This New York Times interactive piece offers a chilling look into how COVID-19 spread in the US earlier this year. This part, in particular, caught my attention:
HOW THE FIRST OUTBREAKS SPREAD
Top federal health experts concluded by late February that the virus was likely to spread widely within the United States and that government officials would soon need to urge the public to embrace social distancing measures, such as avoiding crowds and staying home.
But Mr. Trump wanted to avoid disrupting the economy. So some of his health advisers, at Mr. Trump’s urging, told Americans at the end of February to continue to travel domestically and go on with their normal lives.
And they did. Millions moved across the country, cellphone data shows. Some unknowingly carried the virus with them.
Travel volume from March 1 to March 14, based on aggregated data from Cuebiq, a data intelligence firm. Minor routes not shown.
The reason this caught my attention is that in the March 1-14 window I traveled from my home in North Carolina to Washington, DC for a business trip that included a visit to the offices of several legislators on Capitol Hill on March 11. If that date looks familiar it’s because that’s the last day that Congress was open to visits from the public. Every office we visited had signs on the door stating that they were discouraging shaking hands, but that didn’t stop at least one Congressman from shaking my hand and one staff member from shaking everyone in my group’s hands – around 10 people.

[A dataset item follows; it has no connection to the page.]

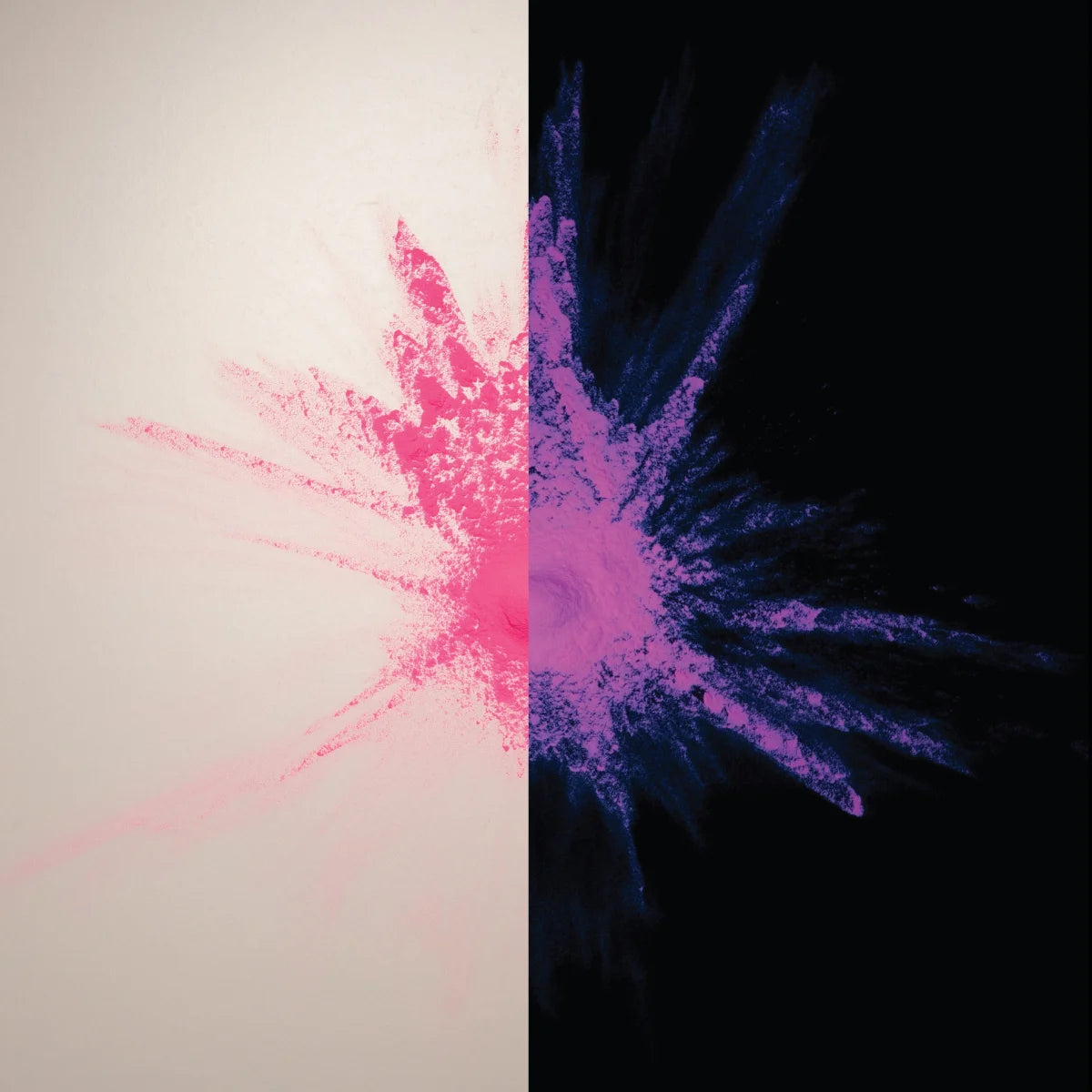 Glow-in-the-dark Pink-to-Magenta pigment powder bursting in a neon splash—ideal for high-intensity party décor, safety markings, and premium DIY glow art projects.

In addition to visiting the Hill, I was attending a small national industry conference held at the Grand Hyatt. Several hundred people flew in from around the country for that meeting, and we spent hours together in meeting rooms of various sizes over several days. At the beginning of the conference, the only precaution we took was making sure everyone had hand sanitizer and we refrained from shaking hands. Three days later they had set up AV equipment in the meeting rooms so that people could remote in from their hotel rooms if they weren’t comfortable meeting in person.
After the conference, we were informed that if anyone was diagnosed with COVID-19 we would be informed and we never did get that notification. To be safe I decided to work from home for two weeks so I didn’t put my office mates at risk, and of course, by the time that was done, we’d shut down our office and moved everyone to work-from-home status.
In an interesting coincidence the League of Municipalities had a meeting in DC the same week we were there. Several members of Winston-Salem’s city council were there and visited Capitol Hill on the same day we did, March 11. Less than a week later they announced that they were self-isolating because attendees at their conference had tested positive for the virus. If I’d had any question about working from home before that then I’d have made the call to do so then because our paths crossed on the Hill.
So, how many meetings/conferences like ours were held somewhere in the country those first two weeks of March? How many people attending those meetings unwittingly carried the virus home with them? How many were like me: they didn’t really want to go to the meeting, but felt they had to? If the government had come out earlier then those meetings likely wouldn’t have happened and we wouldn’t have had to make that decision. It’s impossible to know how many additional infections/deaths this delay led to, but I suspect it was a substantial number.
This final bit of info from the Times piece:
More than 22,000 deaths in the New York City area could have been avoided if the country had started social distancing just one week earlier, Columbia University researchers estimate.
About 36,000 deaths nationwide could have been avoided by early May had social distancing begun earlier, the estimates say.